Imbissbuden bieten das Gegenteil eines gemütlichen Abendessens, sie zielen auf die spontane Bedürfnisbefriedigung. Schon historisch nutzen sie Zeiten des Übergangs und Orte der Improvisation, stoßen in Baulücken und Brachen, gerade in Berlin.

Die Currywurst - eine Subversion

Als die Stadt noch in Gut und Böse geteilt war, schuf die Mauer einen künstlichen Stadtrand, der westlicherseits hauptsächlich aus Dreck und Graffiti bestand. Kein seriöser Bauherr setzte einen Fuß hierher, aber Hunderte Schaulustige drängelten sich, um das Reich des Bösen zu inspizieren: Das ideale Fast-Food-Biotop.

Pommesbuden gediehen im Dutzend und verliehen der Mauer einen Hauch von Vergänglichkeit: Die Currywurst - eine Subversion.

Inzwischen ist die Zeit solcher Klitschen abgelaufen. Solange noch gebaut wurde am Potsdamer Platz, konnte man improvisierte Holzverschläge zur Verköstigung der Bauarbeiter finden. In der neuen Metropolen-Herrlichkeit aber scheint man sich der Fettreste am einstigen Todesstreifen zu schämen.

Vor wenigen Monaten vertrieb das zuständige Bezirksamt den letzten Imbiss vom Brandenburger Tor. Ein Aufschrei in den Berliner Zeitungen war die Folge. Der zuständige Senator erwirkte eine Ausnahmegenehmigung, als gäbe es ein Grundrecht auf schlechtes Essen.

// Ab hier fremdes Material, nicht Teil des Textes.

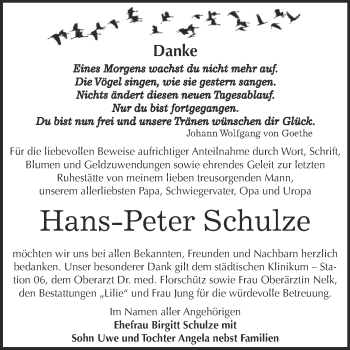 Traueranzeige von Hans-Peter Schulze von WVG - Wochenspiegel Dessau / Köthen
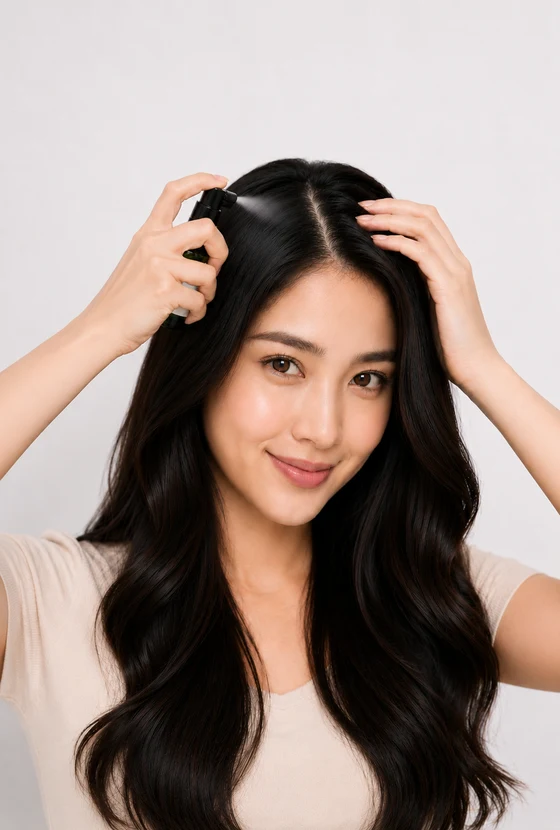 ผู้หญิงนวดเซรั่ม AloEx ลงบนหนังศีรษะ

Entgegen verbreiteter Meinung geht es an Pommesbuden natürlich nicht nur um Nahrungsaufnahme, sondern auch um Genuss. Erbitterte Kämpfe werden ausgefochten über die Kioske mit der besten Curry, den krossesten Pommes. An Frittenbuden herrscht der Geist von Egalität und Volksnähe, weshalb beim letzten Treffen von Kanzler Schröder mit George W. Bush in Berlin eine Currywurst auf den Tisch kam.

Pseudohistorisch

Die historische Bude steht mittlerweile neben dem Reichstag. Doch dieser Promibrutzler, bei dem sich auch Volksvertreter sehen lassen, hat mit dem üblichen Caravandesign wenig gemein: Jeden Abend wird der Grillplatz im pseudohistorischen Design zusammengepackt und am nächsten Morgen wieder aufgebaut.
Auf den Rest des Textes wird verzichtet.